This is the first blog. The very first blog. I needed to start doing this, basically, because I want to talk about music and other thing that fall into the category of that which I love, and this is the modern way to do such things. I have a jumbled brain full of media that I have stored up over time like a little chipmunk with its mouth full of food, never knowing when to swallow it. Or spit it out. RockNRollHighSchool is my spitcup.
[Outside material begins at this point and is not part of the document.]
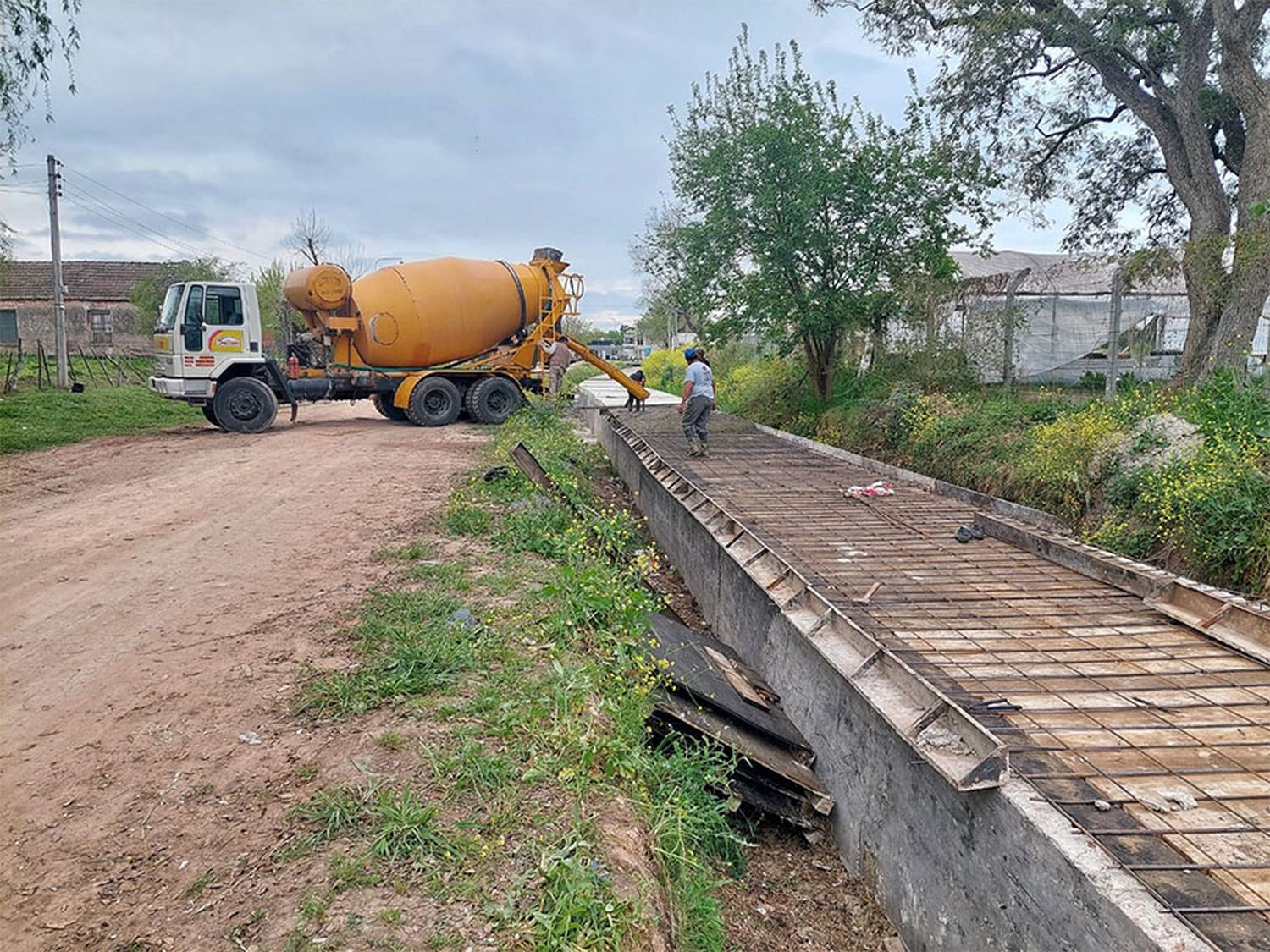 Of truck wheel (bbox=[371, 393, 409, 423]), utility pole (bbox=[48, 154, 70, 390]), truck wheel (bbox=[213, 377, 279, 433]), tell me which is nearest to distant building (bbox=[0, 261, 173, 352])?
utility pole (bbox=[48, 154, 70, 390])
Right now I am reading Please Kill Me, by Legs McNeil and Gillian McCain, and it's getting me more excited about things that already happened than I ever thought possible. As an oral history, PKM presents the reader with a range of viewpoints excerpted from interviews done mostly in McNeil's Punk Magazine, as well as other publications. It's brilliantly arranged; chronologically grouped by era, leading you through time and telling the stories of the bands that collectively started punk music in New York and the hows, whys and whos of the scene, told through anecdotes of those involved. It makes my heart all atwitter to add the gems which PKM provides to my encyclopedia of useless knowledge. Nico gave Iggy Pop his first case of the clap. The Sex Pistol's song, Pretty Vacant was copied directly from the New York Doll's Blank Generation, after Malcolm McLaren went back to England after managing the Dolls. And so on and so on. Is it weird that this book is changing my life?
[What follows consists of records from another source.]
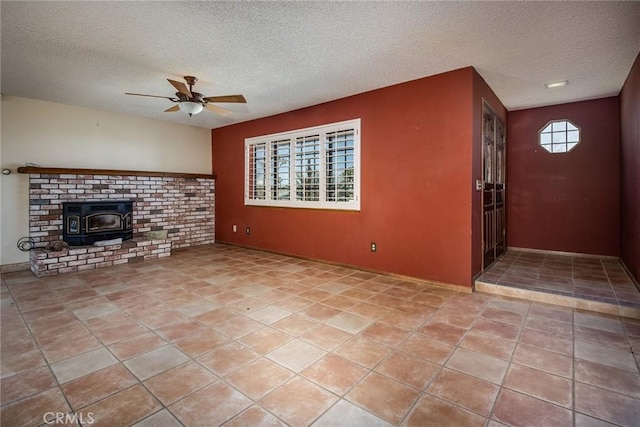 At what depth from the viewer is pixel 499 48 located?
3.00 meters

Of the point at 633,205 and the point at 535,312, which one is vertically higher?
the point at 633,205

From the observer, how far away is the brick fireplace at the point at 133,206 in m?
4.54

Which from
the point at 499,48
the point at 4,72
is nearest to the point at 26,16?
the point at 4,72

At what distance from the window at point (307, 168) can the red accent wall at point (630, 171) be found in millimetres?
3087

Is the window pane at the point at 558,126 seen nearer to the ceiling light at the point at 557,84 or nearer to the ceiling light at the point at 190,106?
the ceiling light at the point at 557,84

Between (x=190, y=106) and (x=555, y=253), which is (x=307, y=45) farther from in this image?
(x=555, y=253)

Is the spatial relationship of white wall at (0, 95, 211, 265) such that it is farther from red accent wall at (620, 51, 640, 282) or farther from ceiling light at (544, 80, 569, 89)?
red accent wall at (620, 51, 640, 282)

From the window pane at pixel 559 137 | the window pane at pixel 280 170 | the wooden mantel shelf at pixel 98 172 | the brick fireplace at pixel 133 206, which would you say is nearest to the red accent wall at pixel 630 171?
the window pane at pixel 559 137

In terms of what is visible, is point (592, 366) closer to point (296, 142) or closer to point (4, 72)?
point (296, 142)

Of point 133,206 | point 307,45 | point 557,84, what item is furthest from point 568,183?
point 133,206

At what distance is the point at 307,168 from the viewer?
5121 mm

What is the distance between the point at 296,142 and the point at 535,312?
403cm

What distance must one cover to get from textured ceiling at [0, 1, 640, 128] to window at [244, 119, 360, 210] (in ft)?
2.46

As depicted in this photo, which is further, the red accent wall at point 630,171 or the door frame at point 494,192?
the door frame at point 494,192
I have always been a fan of nostalgic material. When I was a kid I watched Hair and listened to Jimi Hendrix and romanticized on hippiedom, so sure that I was born in the wrong era. I fell for the whole thing so hard. It took me up until I was about 19 or 20 to realize that though the 60's had it's moments, the whole "free love" and "free your mind" axiom was partly a movement and revolution, but also a big excuse for teenagers to dose themselves silly and bang their privates together without feeling remorse due to society's constructs. Fuck the man!! Anyway, even though I am now aware of the tendency for anything that takes a look back on a moment in time to accessorize with rose-colored shades, I still fall for it over and over again. It's hard being a realist and a lover. Please Kill Me is doing it to me again, and forcing me to imagine my own little pseudo- exciting life being retold as an important moment in time to an audience who reveres it as history.
I wonder what percentage of people who take part in these magic moments in cultural history know its going to matter later. With today's instant celebritizing and the narcissism provided by the internet, mostly anyone can deem themselves noteworthy the night after their photo was taken at a club and posted for the world to see. I'm not criticizing it; its the result of technology meeting the social universe. It just makes me curious about who and what will qualify in significant discourse later. The romantic reminiscent inside of me longs for the far more innocent days of art when fame wasn't at the layman's fingertips and people didn't receive so much feedback on themselves... but then again, there goes my blog.